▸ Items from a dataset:
§ §

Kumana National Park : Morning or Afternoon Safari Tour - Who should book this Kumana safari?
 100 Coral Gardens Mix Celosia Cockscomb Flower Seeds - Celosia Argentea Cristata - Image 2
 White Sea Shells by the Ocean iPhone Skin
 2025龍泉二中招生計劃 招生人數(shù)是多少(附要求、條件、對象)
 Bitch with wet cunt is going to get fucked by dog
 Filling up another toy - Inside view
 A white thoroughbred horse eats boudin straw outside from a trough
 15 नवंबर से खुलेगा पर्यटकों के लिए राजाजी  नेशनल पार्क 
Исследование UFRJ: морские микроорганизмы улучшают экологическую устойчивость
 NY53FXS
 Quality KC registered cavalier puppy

§ §

Every entry must be given again exactly as it reads.

▸ Response to this exercise:
Kumana National Park : Morning or Afternoon Safari Tour - Who should book this Kumana safari?
 100 Coral Gardens Mix Celosia Cockscomb Flower Seeds - Celosia Argentea Cristata - Image 2
 White Sea Shells by the Ocean iPhone Skin
 2025龍泉二中招生計劃 招生人數(shù)是多少(附要求、條件、對象)
 Bitch with wet cunt is going to get fucked by dog
 Filling up another toy - Inside view
 A white thoroughbred horse eats boudin straw outside from a trough
 15 नवंबर से खुलेगा पर्यटकों के लिए राजाजी  नेशनल पार्क 
Исследование UFRJ: морские микроорганизмы улучшают экологическую устойчивость
 NY53FXS
 Quality KC registered cavalier puppy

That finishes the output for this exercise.